Phenomenologically it means that we never observe free quarks (the fundamental/elementary spin-1/2 particles carrying color charge and thus participate in the strong interaction) nor free gluons (the quanta of the gauge field) or the corresponding free field. The reason is that in a non-Abelian gauge theory the gauge bosons themselves carry charge.
The formal argument, why we don't observe anything carrying color charge is gauge invariance: We can't observe anything which is not gauge invariant and we can't form color-charged gauge-invariant observables. That's why all we can observe are color-neutral objects, the socalled hadrons, which are very complicated bound states of quark and gluon fields. Usually they come as mesons (bound-states of a quark and an antiquark) or baryons (bound-states of three quarks). There are also hints of more "exotic" varieties like tetra quarks (consisting of two quarks and two antiquarks) as well as glue balls (formed purely by the gauge field/gluons). All we can observe of the strong interaction in a sense of "force" (if you want to use this word at all ;-)) is the residual interaction between color-neutral hadrons.

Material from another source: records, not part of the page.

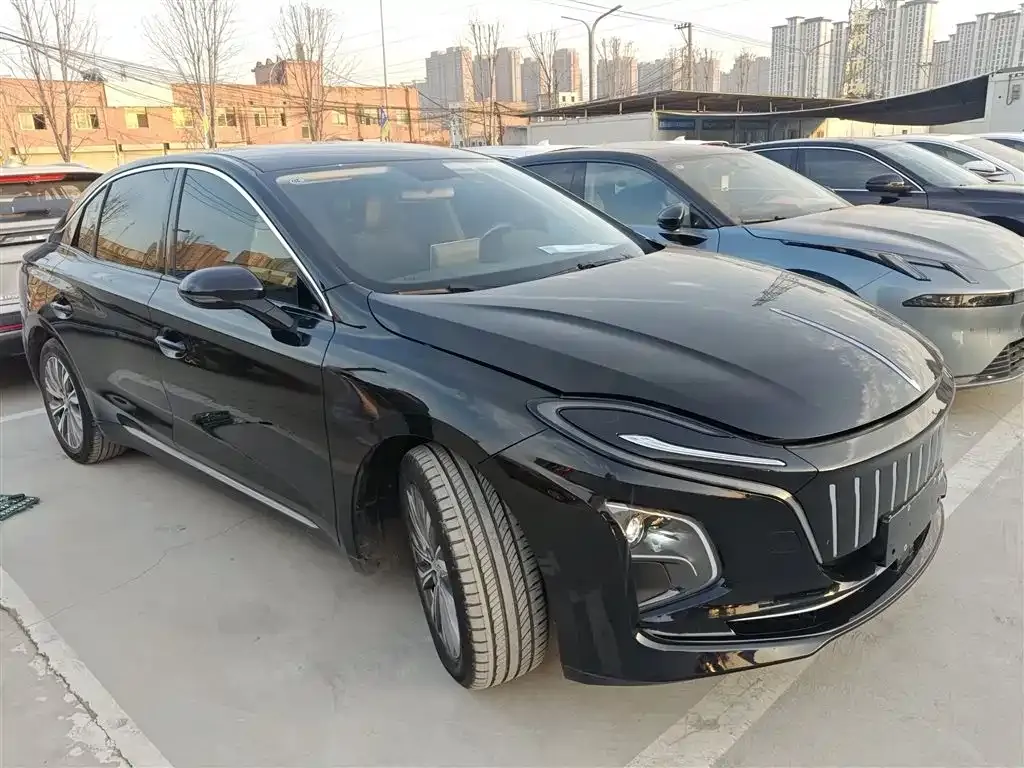 Hongqi E-QM5 — фото 9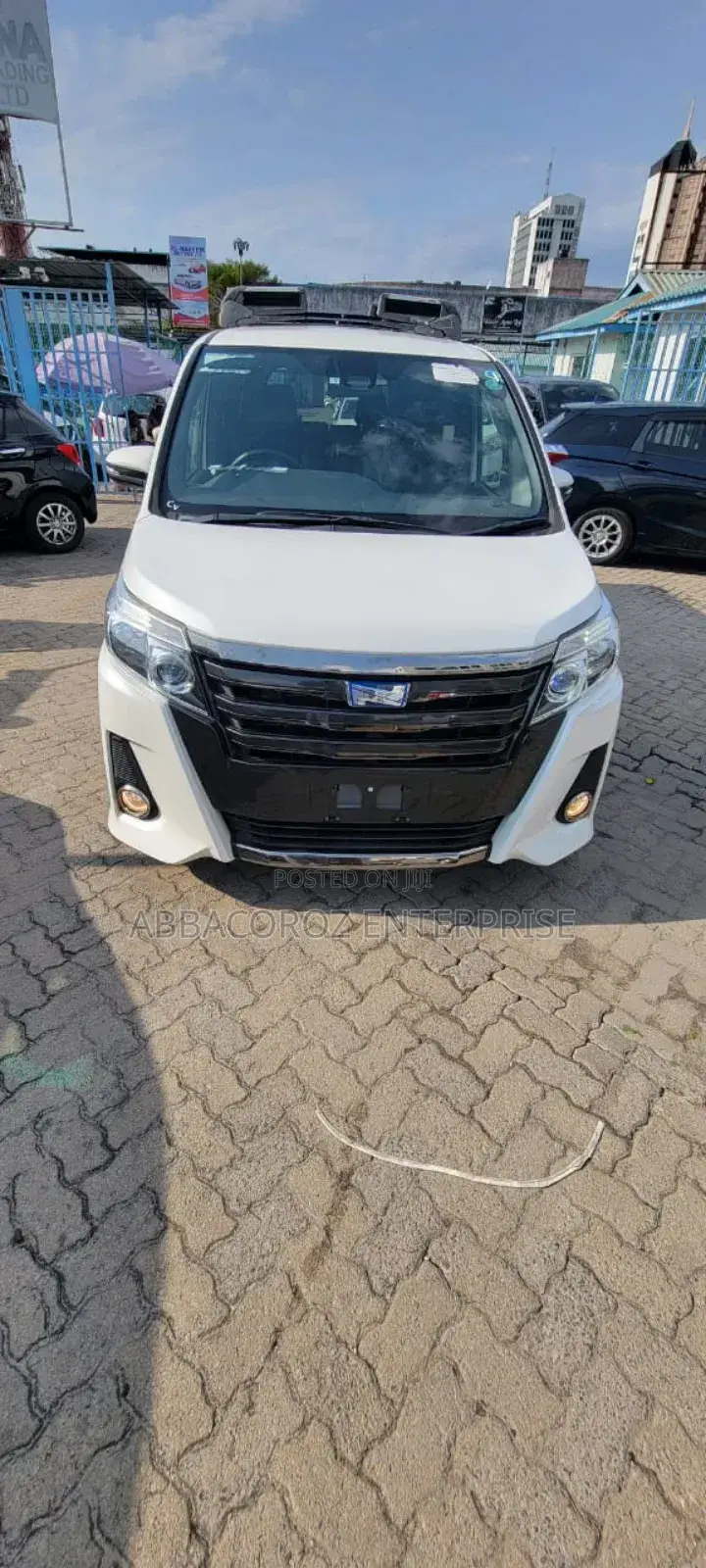 Toyota Noah 1.8 FWD Hybrid (7 seater) 2017 White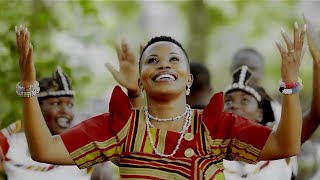 Lady Titie  Ntendereza Mukama Official Video New Ugandan Gospel music 2023 [upl. by Sinnel591]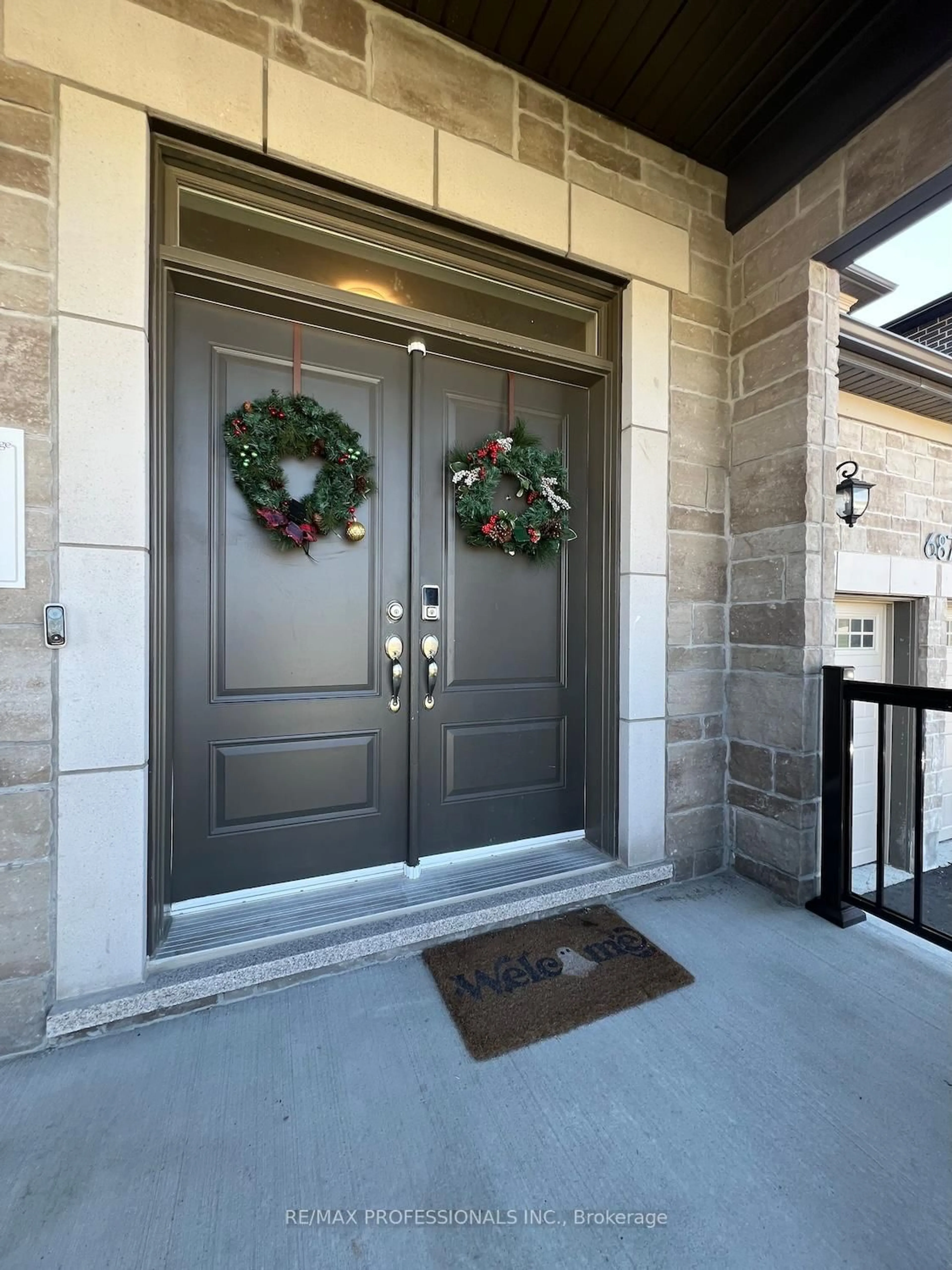 Indoor entryway for 687 Lamb St, Innisfil Ontario L9S 0R7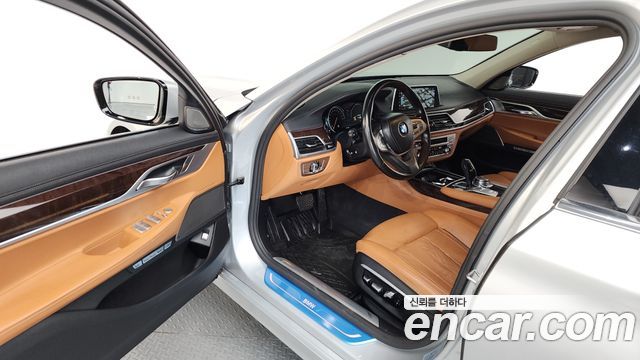 BMW 7 Series (G11) 740Li xDrive 2016 — фото 10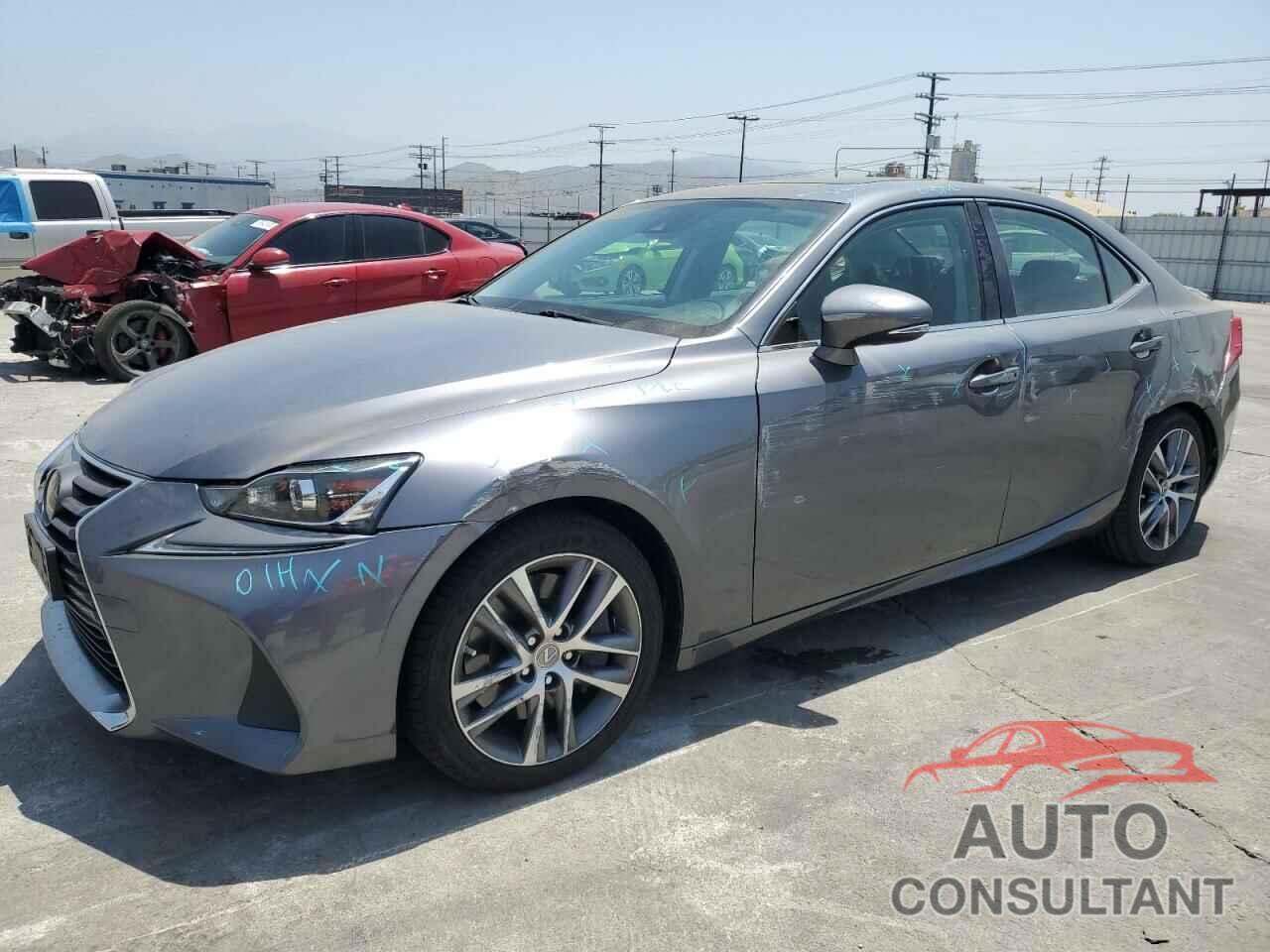 LEXUS IS 2018 - JTHBA1D22J5075695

From a theoretical point of view in our macroscopic world, quarks and gluons are not the appropriate degrees of freedom to describe the strong interaction but rather effective theories of hadrons, which use the (residual) symmetries of QCD to constrain the corresponding models. Most important in this context is the approximate chiral symmetry of QCD in the light-quark sector (u- and d-quarks; to lesser extent also s-quarks), from which the pretty complicated interactions, e.g., between nucleons (protons and neutrons) can be understood, which describes then both the scattering between the nucleons as well as the formation of atomic nuclei as bound states of protons and neutrons. These interactions go also beyond simple two-body interactions, and an understanding of nuclear structure from these "first-principle approaches" is a (already quite successful) topic of ongoing research.
The understaning of the formation of the hadrons as bound states of quarks and gluons, however, is much more complicated. The most successful technique is lattice-gauge theory, where QCD is numerically evaluated approximating its action on a discrete space-time lattice using Monte-Carlo techniques. There are two varieties: "vacuum lattice-QCD". Here one of the greatest successes is the calculation of the hadronic mass spectrum, including the prediction of higher-mass states not yet observed. The other variety is "finite-temperature lattice-QCD", which studies the equation of state of strongly interacting matter and the corresponding phase diagram. In Nature this is relevant for (a) neutron stars and neutron-star mergers, which nowadays can be observed with "multi-messenger astronomy", i.e., via electromagnetic waves in a large range of wave lengths and, since 2015, with gravitational waves (as well as with neutrinos, at least in principle), and (b) in collisions of heavy nuclei (relativsitic heavy-ion collisions) as done at the LHC and SPS (CERN), RHIC (BNL), GSI (Darmstadt) and in upcoming new facilities like FAIR (Darmstadt), and NICA (Dubna).